Our house was in an affluent neighborhood in Döbling, district 19, known as "the Cottage", on a hill near the "Türkenschanz Park". This is still an elaborately landscaped park with a duck pond, waterfalls, playgrounds, sports meadows, a restaurant, and a brick look-out tower. It was built in 1888 by Emperor Franz Joseph on the site of a Turkish defense bastion to commemorate the successful defense of Vienna against the second Turkish siege, (1529 and 1683, which prevented Europe from becoming a Moslem colony of the Ottoman Empire) and to celebrate the integration of many villages into suburban "Greater Vienna", "Gross-Wien", a culturally and economically viable capital worthy of the Hapsburg Empire. Emperor Franz-Joseph also built most of Vienna’s theaters and concert halls, including the famous opera. His son, Prinz Otto Hapsburg still lives in the US.
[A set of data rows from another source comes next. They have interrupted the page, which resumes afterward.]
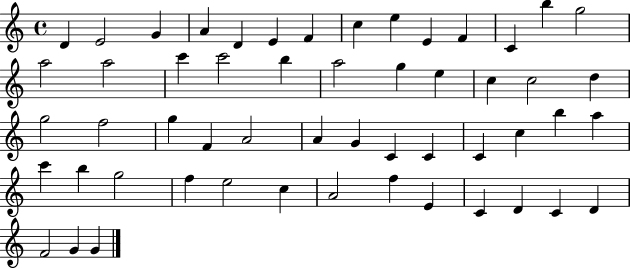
X:1
T:Untitled
M:4/4
L:1/4
K:C
D E2 G A D E F c e E F C b g2 a2 a2 c' c'2 b a2 g e c c2 d g2 f2 g F A2 A G C C C c b a c' b g2 f e2 c A2 f E C D C D F2 G G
The hill we lived on also houses one of Vienna’s two astronomical observatories, the university’s "Sternwarte", and the campus of the agriculture and forestry department of the university, the "Hochschule für Bodenkultur". It was and still is the place to live. Our neighbors included the Hungarian operetta composer Imre Kalman, Felix Salten, author of Bambi, Albert Schrödinger and Ludwig Boltzmann, two of the founders of quantum theory, Nicola Tesla the great inventor, Ernst Mach, physicist and psychologist, Auer von Welsbacch, inventor of the gas mantle, zoologist, forester, and one of the earliest ecologists. He got the government to install bat houses along the Danube to control mosquitoes, instead of using pesticides. Then there was Karl Terzaghi, inventor of soil mechanics, Pekarek, the tea importer, movie actress Hedy Kiesler, better known as Hedy Lamarr, and her mother, who lived on the top floor of the Pekarek house, and our immediate neighbor, the president of Brown-Boveri - Austria. There was also our cousin Alfred Weiss, his wife Luzi, and his two daughters Franzi and Evi. Uncle Alfred owned the Arabia company, second-largest importer of tea and coffee, with coffee houses in all the major cities in Austria. After WW-2 Uncle Alfred bought and restored the Auersperg Palace in downtown Vienna, and the Loudon Palace in Hadersdorf, both of which had been gutted by the Russian army. The Auersperg palace housed an art gallery and a glass-domed "winter garden" where Mozart often played. Uncle Alfred installed his company headquarters in the cellar and turned the palace into an art museum, a very elegant restaurant and diplomatic function hall, where the international atomic energy commission was founded..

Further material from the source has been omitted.